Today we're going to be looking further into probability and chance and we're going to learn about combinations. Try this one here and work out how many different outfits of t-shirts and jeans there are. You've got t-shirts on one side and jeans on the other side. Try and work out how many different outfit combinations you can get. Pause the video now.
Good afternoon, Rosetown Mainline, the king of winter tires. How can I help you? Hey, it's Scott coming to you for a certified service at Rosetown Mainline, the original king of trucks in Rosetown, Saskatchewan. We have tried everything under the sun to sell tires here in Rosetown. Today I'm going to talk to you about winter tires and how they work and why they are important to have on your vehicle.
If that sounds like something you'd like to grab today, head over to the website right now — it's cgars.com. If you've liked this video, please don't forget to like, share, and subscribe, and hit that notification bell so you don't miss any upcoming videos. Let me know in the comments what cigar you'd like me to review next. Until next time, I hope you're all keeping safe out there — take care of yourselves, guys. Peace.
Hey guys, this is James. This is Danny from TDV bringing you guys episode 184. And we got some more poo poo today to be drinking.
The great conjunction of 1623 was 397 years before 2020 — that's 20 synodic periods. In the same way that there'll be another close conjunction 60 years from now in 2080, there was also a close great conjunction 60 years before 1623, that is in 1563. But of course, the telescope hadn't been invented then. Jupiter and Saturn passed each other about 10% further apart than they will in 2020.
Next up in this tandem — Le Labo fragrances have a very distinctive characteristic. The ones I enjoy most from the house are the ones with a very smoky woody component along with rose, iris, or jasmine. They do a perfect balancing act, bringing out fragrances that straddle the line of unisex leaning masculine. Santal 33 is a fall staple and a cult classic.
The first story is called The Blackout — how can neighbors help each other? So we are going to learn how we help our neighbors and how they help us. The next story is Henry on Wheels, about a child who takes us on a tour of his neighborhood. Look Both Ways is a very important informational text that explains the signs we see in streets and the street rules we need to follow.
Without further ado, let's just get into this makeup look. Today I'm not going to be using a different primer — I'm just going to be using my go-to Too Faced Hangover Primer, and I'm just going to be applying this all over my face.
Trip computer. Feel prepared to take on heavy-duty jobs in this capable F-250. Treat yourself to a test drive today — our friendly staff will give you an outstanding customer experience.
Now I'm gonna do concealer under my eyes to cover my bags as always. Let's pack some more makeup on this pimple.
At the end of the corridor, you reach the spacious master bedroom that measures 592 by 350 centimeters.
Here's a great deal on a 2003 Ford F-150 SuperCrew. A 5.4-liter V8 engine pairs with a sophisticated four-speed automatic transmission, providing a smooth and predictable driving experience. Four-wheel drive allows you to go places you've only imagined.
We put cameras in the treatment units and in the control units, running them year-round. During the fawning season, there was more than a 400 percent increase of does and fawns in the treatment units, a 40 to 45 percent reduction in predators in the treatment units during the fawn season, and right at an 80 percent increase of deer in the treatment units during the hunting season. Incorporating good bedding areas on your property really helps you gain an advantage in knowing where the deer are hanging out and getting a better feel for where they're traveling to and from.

.....

From the records above, transcribe without alteration every line from the one with "Without further ado, let's" to the one with "Now I'm gonna", inclusive.

### [COMPLETED TASK]
Without further ado, let's just get into this makeup look. Today I'm not going to be using a different primer — I'm just going to be using my go-to Too Faced Hangover Primer, and I'm just going to be applying this all over my face.
Trip computer. Feel prepared to take on heavy-duty jobs in this capable F-250. Treat yourself to a test drive today — our friendly staff will give you an outstanding customer experience.
Now I'm gonna do concealer under my eyes to cover my bags as always. Let's pack some more makeup on this pimple.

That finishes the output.